I just dug into the old discussion. A good entry point is probably this here, where we talk about patches:

http://lists.adiscon.net/pipermail/rsyslog/2014-October/038796.html

The new system works reasonably well. It has it's quircks, though. Let's look at a concrete example:

8.14.0, to me, was an absolutely horrible release. The worst we have done in the past 2 to 3 years. I worked hard on fixing some real bad race issues with JSON variables. Friday before the release I was ready to release that work, which would be really useful for folks that make heavy use of those variables. Then, over the weekend and Monday, it turned out that we may get unwanted regressions that weren't detected earlier (NO testbench can mimic a heavy-used production system, so let's not get into "we need better tests" blurb). The end result was that I pulled the plug on release day, and what we finally released was 8.13.0 plus a few small things. All problems with variables persisted. If I had have half a week to a week (don't remember exactly) more, we could have done a real release instead of the 8.13 re-incarnation. But, hey, we run on a schedule.
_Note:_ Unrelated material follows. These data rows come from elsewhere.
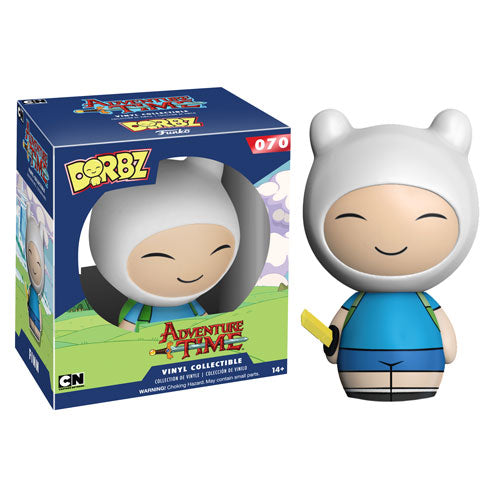 Adventure Time Finn Dorbz Vinyl Figure                      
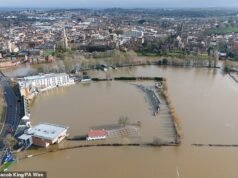 Quão grande é o risco de inundação da sua casa agora e no futuro? Descubra usando nosso mapa interativo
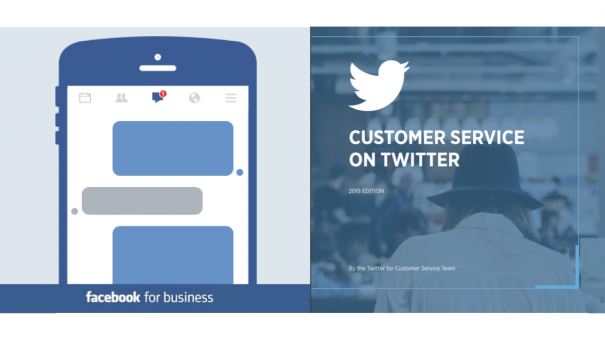 Gestion de la Relation Client sur Facebook et Twitter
Now 8.15.0 fixes these problems (except for the json-c induced segfault, which we cannot fix in rsyslog). I also has all other "8.14" enhancements and fixes and so is actually worth 3 month of work. It is a *very heavy* release. Usually, I'd never released such a fat release shortly before the holiday period. Not that I distrust it, and we really got some new testing capabilites (really, really much better), so it is probably the most solid release for a longer time (besides the small quirk with the missing testbench files). But in general I don't like to do releases when I know there is very limited resources available to deal with problems. That's the old datacenter guy in me. But, again, hey, we run on a schedule.


There have similiar occasions in the past 14 month. That's the downside. And due to the 6-week cycle things usually do not get really bad.
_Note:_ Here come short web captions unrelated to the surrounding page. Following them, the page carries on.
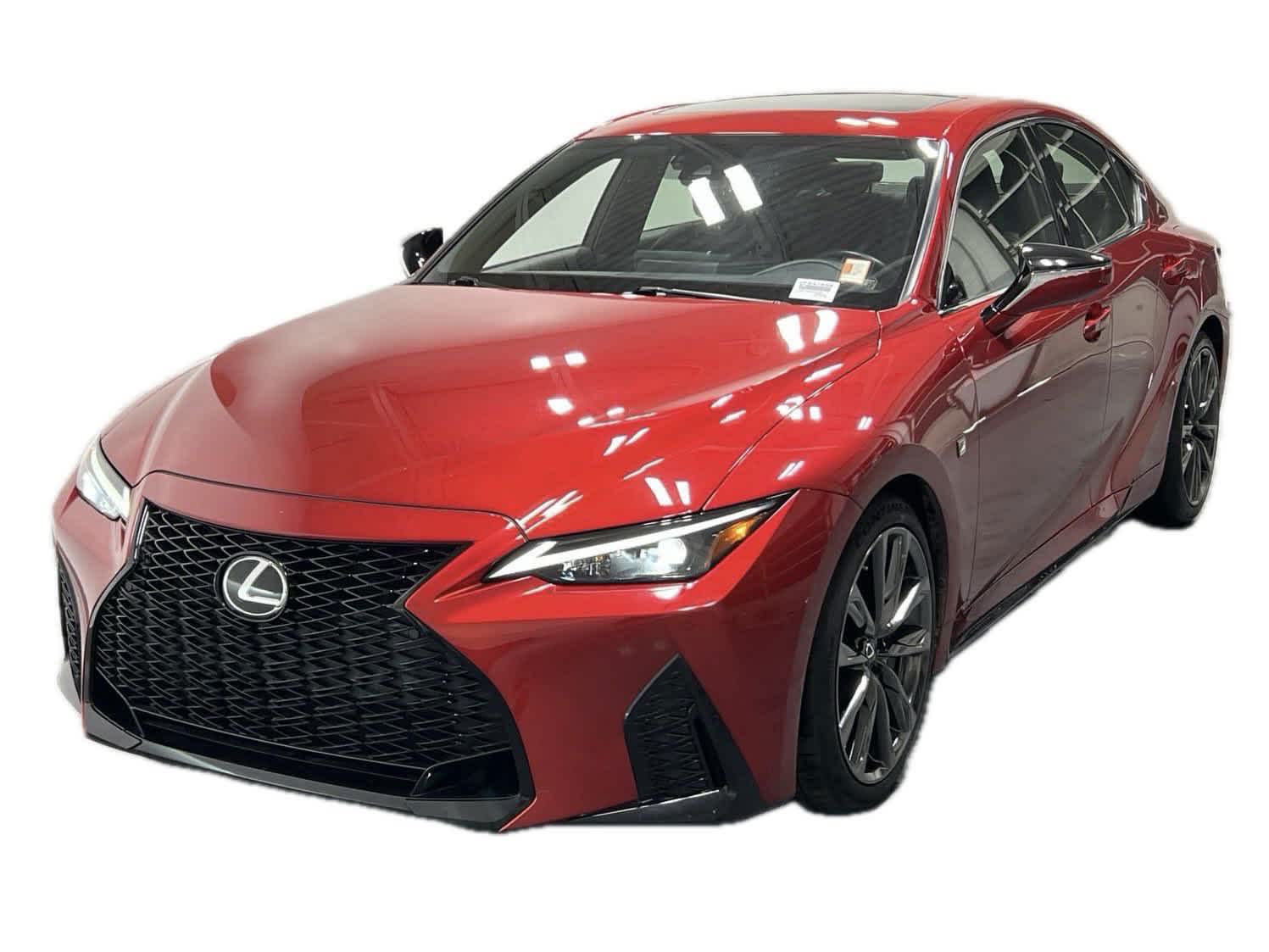 2022 Lexus IS F SPORT 3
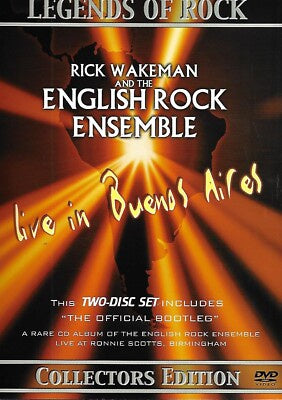Rick Wakeman And The English Rock Ensemble – Live From Buenos Aires (Collectors Edition) DVD+CD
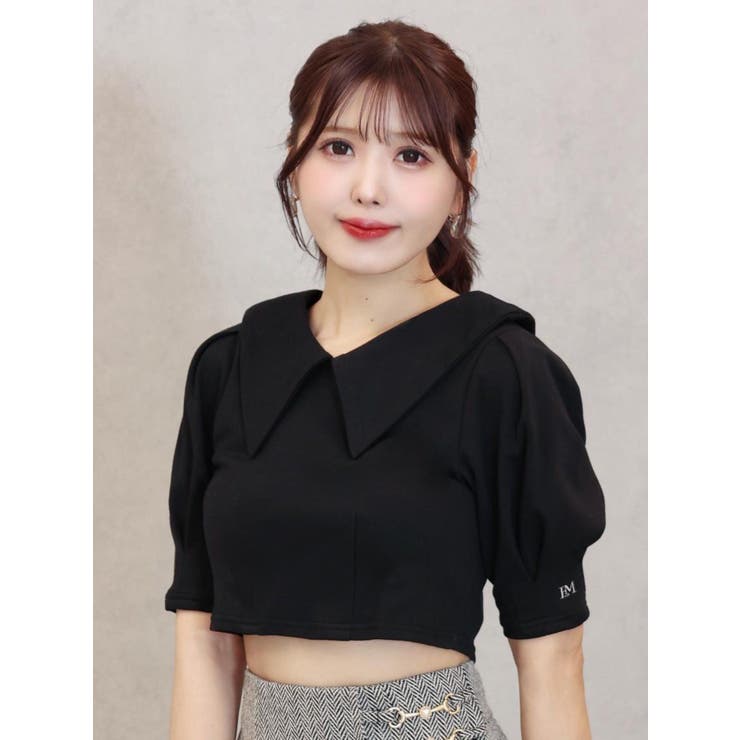 ブラック | BIGカラーTOP | EATME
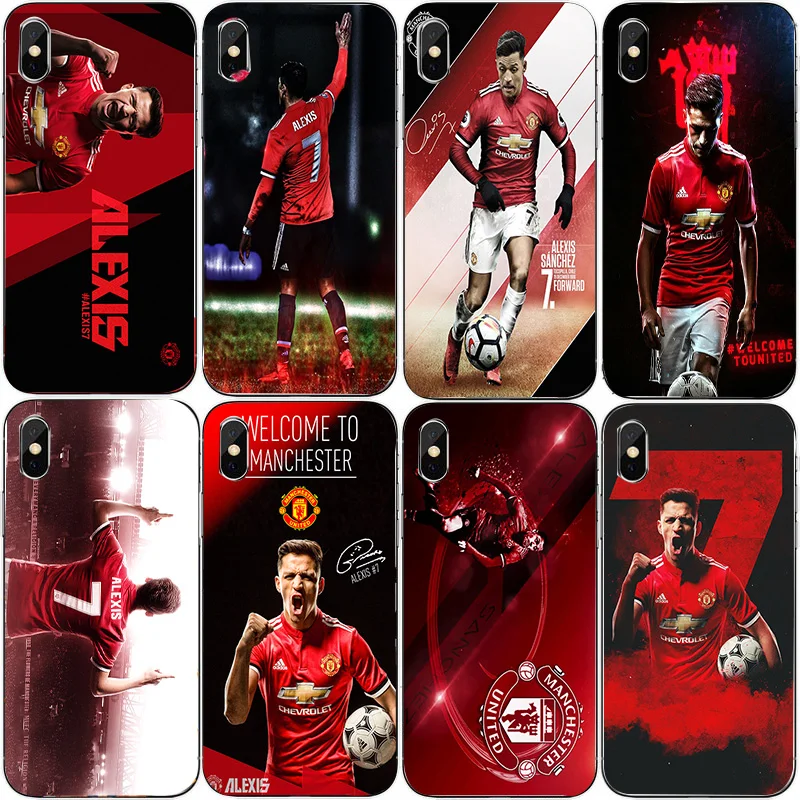 Yinuoda ManUtd Team Alexis Sanchez Phone Case For iphone DIY Picture Soft TPU Cover For iPhone X XR XS MAX 7 8 7plus 6 6S 5S 5
Yinuoda ManUtd Team Alexis Sanchez Phone Case For iphone DIY Picture Soft TPU Cover For iPhone X XR XS MAX 7 8 7plus 6 6S 5S 5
The scheduled model has a lot of good things as well. First of all, everyone (users and contributors) know when the next release will be. This also means you can promise to include something into a specific release. However, usually users know when the release happens, but not what will be part of it, so in a sense it's not much better than before IMO. The new model has advantages for me: less releases mean less work. Also, I do not longer really need to think about when to do a release, which feature is important engouh and so. I just look at the calender and know that, for example, in 2016, November 15th we will have a release, no matter if I am present, no matter what is done code-wise etc (we actually had, for the first time everm a release while I was in vacation and it went really well as I learned later). That really eases my task.
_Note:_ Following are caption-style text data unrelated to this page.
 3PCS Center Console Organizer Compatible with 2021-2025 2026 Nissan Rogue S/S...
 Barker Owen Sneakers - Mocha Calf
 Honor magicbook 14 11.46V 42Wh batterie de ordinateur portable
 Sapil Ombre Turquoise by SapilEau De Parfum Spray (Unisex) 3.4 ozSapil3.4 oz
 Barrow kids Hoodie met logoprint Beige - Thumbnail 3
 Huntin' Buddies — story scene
All of this bases on the "we release every 6 weeks, interim releases happen only for emergencies and anything else may be pulled as patches" policy. If we now begin to say "this problem is inconvenient to ..{pick somebody}", we need to do a re-release we get into trouble. I wonder which groups of "sombody" are important enough to grant non-emergency releases. Are only distro maintainers important enough? Probably not. So enterprise users? Mmmm.. maybe small enterprises as well? Who judges this? So let's assume every user is as important as every other (an idea I really like). If I then look at my change logs, I think I would need to release more frequent. In essence, I would need to release again when it is needed, which is, surprise, the as-needed schedule).


Rsyslog is not a project big enough to do an even more complex release schedule. To keep things managable to me, I need to release either


a) as-needed

b) on schedule (except for *true* emergencies)

And *that all* is the reason for my reluctance to break the release policy because this time distro maintainers experience the bug versus end users.


I am currently tempted to switch back to "as-needed" mode, even though this means more work for me.